◆ What you have to do ◆
Please reproduce the lines from the one containing "Tokai Love Rock Les Paul Korea" through the end of the data below exactly as they stand, and omit all pictures.

[Captioned web image data]

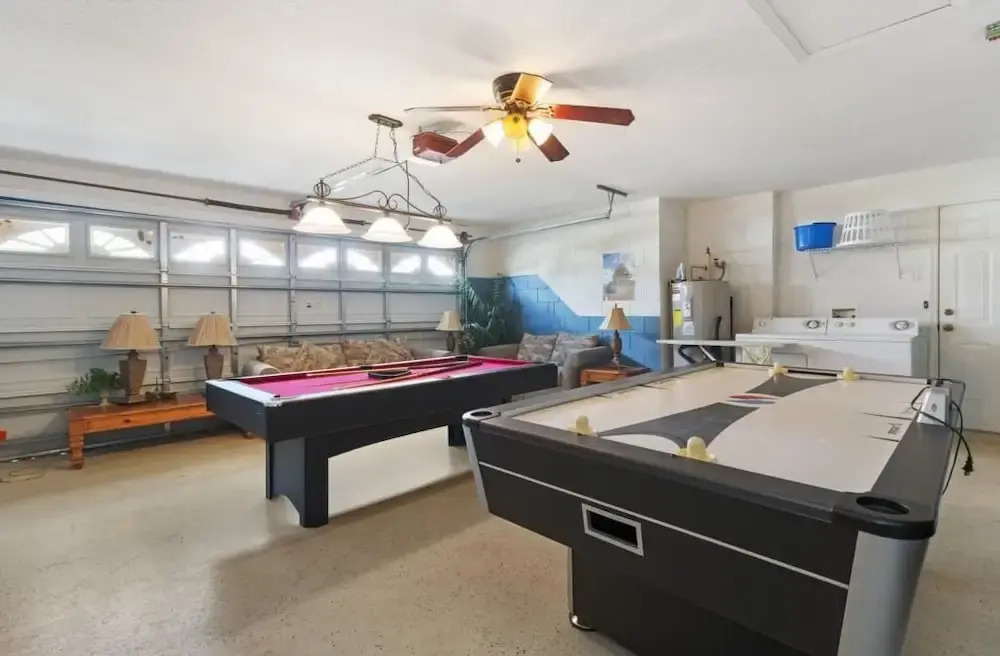 Villa Bueno, Windsor Palms
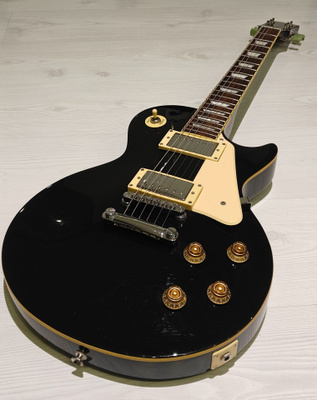 Tokai Love Rock Les Paul Korea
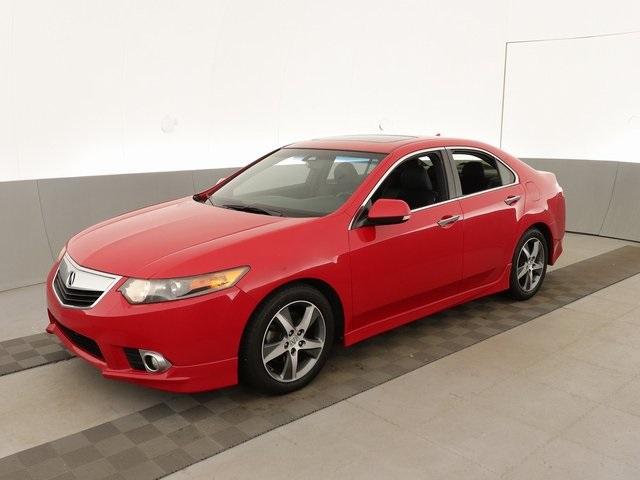 2012 Acura TSX Special Edition -
                Farmington Hills, MI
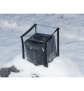 EUROLITE Schutzhülle für AKKU UP-1 QCL Flex Spot QuickDMX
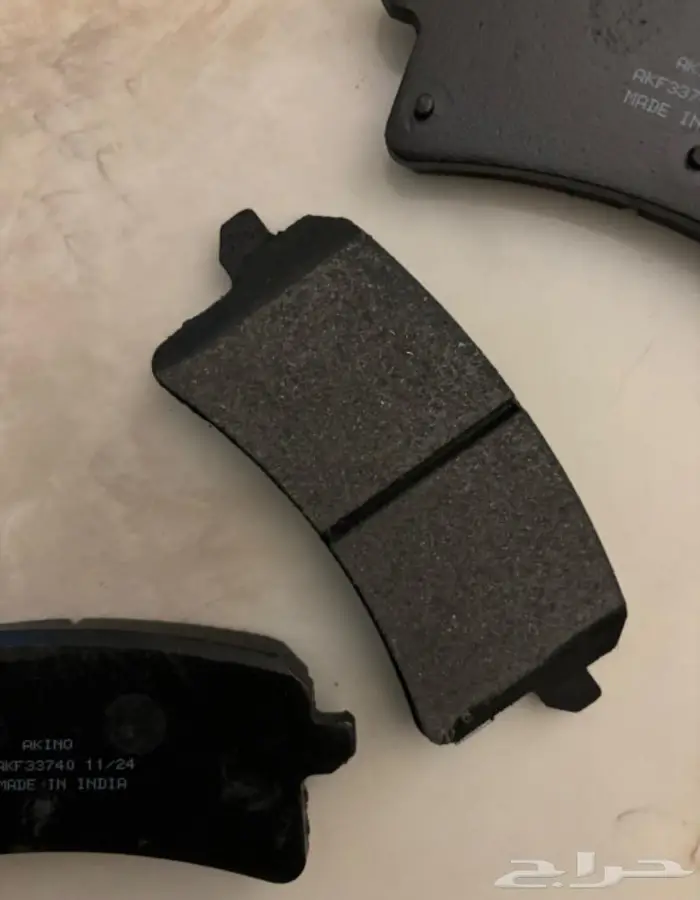 ونيت شانجان هنتر فحمات سراميك رياضية 0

◆ Result ◆
 Tokai Love Rock Les Paul Korea
 2012 Acura TSX Special Edition -
                Farmington Hills, MI
 EUROLITE Schutzhülle für AKKU UP-1 QCL Flex Spot QuickDMX
 ونيت شانجان هنتر فحمات سراميك رياضية 0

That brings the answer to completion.